Getting ready to totally redo my livingroom. Pull carpet, Refinish hardwood floors, new base/crown mould ...and paint walls, ceiling and moulding.

Is it better to run a bead of caulking along the edges of the base and crown moulding before painting?

I was hoping to pre-paint all the moulding and just put them up, but if I should be caulking things. I will need to paint it all in place.


----------



## Hamilton (Nov 1, 2006)

If possible, all paintable caulking should be completed during the primer phase. Caulking should not be applied after the finish coat as it will yellow and attract dirt, and in time will look bad.


----------



## joewho (Nov 1, 2006)

It's best to do after priming, for performance purposes.

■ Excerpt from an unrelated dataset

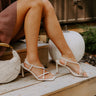 The Liliana Faux Leather Heel in Cream Image 1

Second option is to paint it,hang it, caulk it and touch it up, for apperance purposes.

For a single room, you might just as well paint it after it's hung. If painted first, you'll still have to fill nail holes and touch up anyway.


You could get lucky and everything will be tight and not need any caulk.


----------



## slickshift (Aug 25, 2005)

Caulking should be done after priming (or after first coat...see next line)
If the molding is being primed and first coated off the wall, then the final coat should be with it in place, after (installing and) caulking


----------



## ron schenker (Jan 15, 2006)

> [You could get lucky and everything will be tight and not need any caulk./QUOTE]
> Ya..really, really lucky


----------



## Davo (Apr 3, 2007)

OK thanks....

Put up moulding

prime moulding

caulk moulding

paint moulding


:^)


----------



## csvharvest (Mar 26, 2006)

Davo how are you going to fasten the moulding? 


Are yougoing to putty?:huh:


----------



## Davo (Apr 3, 2007)

Moulding will be nailed and countersunk holes will have putty/caulk.


----------



## Hamilton (Nov 1, 2006)

Don't caulk over nail holes, use spackle or spot putty. Caulk & sandpaper don't mix.


----------